REQUIRED WORK | Could you copy every line from the material below in which "image" appears?
- - - - - - -
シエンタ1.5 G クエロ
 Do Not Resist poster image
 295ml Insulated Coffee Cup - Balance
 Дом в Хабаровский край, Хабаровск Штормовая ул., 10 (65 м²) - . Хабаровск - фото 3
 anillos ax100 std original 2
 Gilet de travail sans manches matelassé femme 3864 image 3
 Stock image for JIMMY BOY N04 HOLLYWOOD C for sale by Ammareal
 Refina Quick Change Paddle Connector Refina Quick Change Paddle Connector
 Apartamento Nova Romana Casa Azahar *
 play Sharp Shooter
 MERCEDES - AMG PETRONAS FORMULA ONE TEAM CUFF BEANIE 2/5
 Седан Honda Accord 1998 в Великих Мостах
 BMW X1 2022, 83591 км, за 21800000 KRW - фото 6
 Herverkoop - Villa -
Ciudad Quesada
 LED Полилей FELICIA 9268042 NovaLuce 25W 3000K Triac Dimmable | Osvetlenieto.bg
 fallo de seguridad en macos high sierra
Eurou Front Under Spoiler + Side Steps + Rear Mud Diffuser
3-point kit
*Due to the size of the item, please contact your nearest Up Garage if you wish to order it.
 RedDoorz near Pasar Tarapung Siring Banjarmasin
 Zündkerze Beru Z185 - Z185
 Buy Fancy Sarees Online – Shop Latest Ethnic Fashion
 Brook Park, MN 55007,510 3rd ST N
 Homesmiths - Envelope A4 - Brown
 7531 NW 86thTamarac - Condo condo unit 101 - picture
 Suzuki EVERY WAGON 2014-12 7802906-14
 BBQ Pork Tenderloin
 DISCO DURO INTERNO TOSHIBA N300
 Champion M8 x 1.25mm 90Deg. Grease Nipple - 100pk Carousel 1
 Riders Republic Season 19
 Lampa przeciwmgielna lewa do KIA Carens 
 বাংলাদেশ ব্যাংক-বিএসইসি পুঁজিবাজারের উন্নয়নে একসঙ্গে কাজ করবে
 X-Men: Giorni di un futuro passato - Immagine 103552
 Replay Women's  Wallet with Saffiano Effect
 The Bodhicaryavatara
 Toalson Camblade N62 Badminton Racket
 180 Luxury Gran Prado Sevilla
- - - - - - -
SOLUTION |
 Do Not Resist poster image
 Gilet de travail sans manches matelassé femme 3864 image 3
 Stock image for JIMMY BOY N04 HOLLYWOOD C for sale by Ammareal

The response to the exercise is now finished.